● **Exercise objective**
Transcribe the entries that follow, word for word.

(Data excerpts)
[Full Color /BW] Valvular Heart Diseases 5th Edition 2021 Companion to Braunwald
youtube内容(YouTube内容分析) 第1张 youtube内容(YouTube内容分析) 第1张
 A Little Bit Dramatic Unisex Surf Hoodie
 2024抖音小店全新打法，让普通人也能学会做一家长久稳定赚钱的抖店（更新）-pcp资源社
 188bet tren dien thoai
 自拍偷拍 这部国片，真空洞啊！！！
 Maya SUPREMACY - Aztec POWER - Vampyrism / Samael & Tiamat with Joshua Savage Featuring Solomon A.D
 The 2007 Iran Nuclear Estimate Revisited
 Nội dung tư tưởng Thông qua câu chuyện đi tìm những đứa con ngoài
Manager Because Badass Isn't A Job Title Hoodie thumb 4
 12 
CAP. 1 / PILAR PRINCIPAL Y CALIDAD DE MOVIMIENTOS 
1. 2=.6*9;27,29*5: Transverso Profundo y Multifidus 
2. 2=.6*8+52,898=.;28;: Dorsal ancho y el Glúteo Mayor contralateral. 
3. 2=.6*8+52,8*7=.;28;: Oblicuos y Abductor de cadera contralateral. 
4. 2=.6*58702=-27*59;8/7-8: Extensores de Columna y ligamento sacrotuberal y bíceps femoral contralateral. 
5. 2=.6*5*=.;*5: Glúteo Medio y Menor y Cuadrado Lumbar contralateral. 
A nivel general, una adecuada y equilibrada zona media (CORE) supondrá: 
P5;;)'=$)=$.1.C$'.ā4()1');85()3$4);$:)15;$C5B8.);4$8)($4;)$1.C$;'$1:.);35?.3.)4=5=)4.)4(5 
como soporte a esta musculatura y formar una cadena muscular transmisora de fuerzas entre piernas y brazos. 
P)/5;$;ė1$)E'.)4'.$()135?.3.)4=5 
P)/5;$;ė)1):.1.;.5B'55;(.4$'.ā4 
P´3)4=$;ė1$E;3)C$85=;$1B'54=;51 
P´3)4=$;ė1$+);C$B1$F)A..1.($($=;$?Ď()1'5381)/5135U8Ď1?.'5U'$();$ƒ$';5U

● **Response area**
[Full Color /BW] Valvular Heart Diseases 5th Edition 2021 Companion to Braunwald
youtube内容(YouTube内容分析) 第1张 youtube内容(YouTube内容分析) 第1张
 A Little Bit Dramatic Unisex Surf Hoodie
 2024抖音小店全新打法，让普通人也能学会做一家长久稳定赚钱的抖店（更新）-pcp资源社
 188bet tren dien thoai
 自拍偷拍 这部国片，真空洞啊！！！
 Maya SUPREMACY - Aztec POWER - Vampyrism / Samael & Tiamat with Joshua Savage Featuring Solomon A.D
 The 2007 Iran Nuclear Estimate Revisited
 Nội dung tư tưởng Thông qua câu chuyện đi tìm những đứa con ngoài
Manager Because Badass Isn't A Job Title Hoodie thumb 4
 12 
CAP. 1 / PILAR PRINCIPAL Y CALIDAD DE MOVIMIENTOS 
1. 2=.6*9;27,29*5: Transverso Profundo y Multifidus 
2. 2=.6*8+52,898=.;28;: Dorsal ancho y el Glúteo Mayor contralateral. 
3. 2=.6*8+52,8*7=.;28;: Oblicuos y Abductor de cadera contralateral. 
4. 2=.6*58702=-27*59;8/7-8: Extensores de Columna y ligamento sacrotuberal y bíceps femoral contralateral. 
5. 2=.6*5*=.;*5: Glúteo Medio y Menor y Cuadrado Lumbar contralateral. 
A nivel general, una adecuada y equilibrada zona media (CORE) supondrá: 
P5;;)'=$)=$.1.C$'.ā4()1');85()3$4);$:)15;$C5B8.);4$8)($4;)$1.C$;'$1:.);35?.3.)4=5=)4.)4(5 
como soporte a esta musculatura y formar una cadena muscular transmisora de fuerzas entre piernas y brazos. 
P)/5;$;ė1$)E'.)4'.$()135?.3.)4=5 
P)/5;$;ė)1):.1.;.5B'55;(.4$'.ā4 
P´3)4=$;ė1$E;3)C$85=;$1B'54=;51 
P´3)4=$;ė1$+);C$B1$F)A..1.($($=;$?Ď()1'5381)/5135U8Ď1?.'5U'$();$ƒ$';5U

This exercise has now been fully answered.